I smoked my first cigarette in junior high. One of my buddies at school gave them to me. Three of them in a plastic cassette tape case. Menthol for reasons I do not recall. Kids at school smoked in the bathroom during the breaks between classes and I was very curious to find out why anybody would spend their break in a toilet stall.
My first attempts didn’t give me any insight. Turns out I didn’t inhale. I figured out the trick on the third try. That first drag gave me a buzz that knocked me off my feet. I guess that day I became a smoker. While I only smoked occasionally thru school, and this casual habit only tapered off to hardly ever after college, it was still lurking.
I moved to Los Angeles, California in July 2001. It was around this time that my infrequent habit, like the drip, drip, drip of a leaky faucet, suddenly became more like a busted water pipe (no pun intended). I’d like to blame the hours sitting in Los Angeles traffic, the endless abyss, consumed, with nothing to do but smoke, but it only contributed. This stupid behavior continued for the next few years. Then one morning I awoke, sat up in bed, and simply decided that yesterday was the last day I’d ever smoke. Just like that.
I look back on that and think the key to my going cold turkey was not making today the last day but yesterday the last day. Fast forward five years and I haven’t had a cigarette since the day before that day; no tabacco of any kind. No pills. No patches. Not even a lousy cigar.

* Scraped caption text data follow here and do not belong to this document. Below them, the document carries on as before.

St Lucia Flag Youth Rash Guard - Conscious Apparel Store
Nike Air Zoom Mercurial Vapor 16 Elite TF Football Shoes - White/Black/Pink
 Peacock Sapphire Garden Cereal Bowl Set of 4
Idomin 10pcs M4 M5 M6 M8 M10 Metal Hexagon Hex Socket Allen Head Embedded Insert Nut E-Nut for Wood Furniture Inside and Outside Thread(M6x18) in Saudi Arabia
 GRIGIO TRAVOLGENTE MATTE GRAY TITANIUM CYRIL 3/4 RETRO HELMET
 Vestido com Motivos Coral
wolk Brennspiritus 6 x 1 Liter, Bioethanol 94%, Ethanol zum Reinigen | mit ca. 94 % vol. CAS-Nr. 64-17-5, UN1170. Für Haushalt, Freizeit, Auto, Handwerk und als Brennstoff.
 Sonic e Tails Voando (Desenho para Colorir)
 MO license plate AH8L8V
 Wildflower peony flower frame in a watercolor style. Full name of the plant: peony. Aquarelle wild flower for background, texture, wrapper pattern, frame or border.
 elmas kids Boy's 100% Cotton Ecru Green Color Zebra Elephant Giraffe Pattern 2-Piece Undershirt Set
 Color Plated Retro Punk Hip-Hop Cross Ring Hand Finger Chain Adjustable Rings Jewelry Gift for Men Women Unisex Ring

I wrote the first draft of this at the end of last year. I was reflecting on the new year approaching and the fact that 2009 had seen both friends and family die from years of smoking. I promise not to be any more heavy handed that that. However, with a new year come new resolutions. Some are to quit smoking. I hope that my quitter’s tale inspires you. Remember, any yesterday can be your last.